Thursday, February 12, 2026

Metanoia


Deer tracks?

       I ran hard and fast from D’s question last night, what is spirituality?  Well, I don’t like the word; seems so empty and noncommittal to me.  Our discussion connects to another D’s Monday reminder, (paraphrasing) happy is he who believes, happy is he who does not believe, woe to him in the middle.  Another pertinent aphorism came up yesterday, pouring from the empty into the void. 
       Our “conclusion” regarding the S question:  in Work, all is material, including God, the Absolute. So “an angel is a gd angel.”  Spirit is vibration, energy, electro/magnetic in the electric universe which has changed everything.  You have to grasp the Ray of Creation. And BP reminded us, spirit is breath, that which is inspired.
        This morning Lee vL posts Meister Eckhart sermon 7 wherein 
          “So that nothing remains be hidden in God that is not revealed to me, there must appear to me nothing like God, no form, for no form can reveal God’s nature or essence. So far as image or form remains, one will never be one with God. To be one with God, there must be no thing imagined or brought forth, so that nothing is hidden within being, that is not seen and at once cast out”
       Then Lee concludes, 
    “And above all, perhaps this particular passage reminds me of my own teacher, Betty Brown, who said to me near the end of her life, in a loving and confidential way—as she always did—

The things that we love the most are the first things that have got to go. 

Can I let myself go? 

Everything? 

This is a daunting prospect, and yet we are called to do so. 

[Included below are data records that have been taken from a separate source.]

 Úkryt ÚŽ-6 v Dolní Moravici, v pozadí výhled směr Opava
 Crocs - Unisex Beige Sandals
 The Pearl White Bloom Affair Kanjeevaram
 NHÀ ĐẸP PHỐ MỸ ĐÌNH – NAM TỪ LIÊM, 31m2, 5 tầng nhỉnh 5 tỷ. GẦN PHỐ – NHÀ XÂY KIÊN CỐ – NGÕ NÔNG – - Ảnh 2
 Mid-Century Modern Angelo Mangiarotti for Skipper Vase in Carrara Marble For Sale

For in the face of the Lord we are less than nothing, and all things we can know or might know become glory in that light. 

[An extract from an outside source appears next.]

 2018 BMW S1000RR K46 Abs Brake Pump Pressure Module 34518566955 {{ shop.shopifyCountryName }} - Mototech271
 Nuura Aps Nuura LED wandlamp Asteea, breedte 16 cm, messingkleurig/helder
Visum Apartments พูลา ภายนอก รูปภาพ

In Christ’s name we pray. 

Amen. 

Amen. 

Amen.”


    I announced about spirituality last night, I haven’t written that book yet, and all I can say is what others have already said.  (God help me. IJN)

     This is what it feels like not to know, not to trust self. Can’t then allow self to trust God but must plead frantically for presence of Holy Spirit to fill the void. I’m falling between the stools.

      If I see that’s where I am, then hope for change arises.  God help me.  Lord have mercy.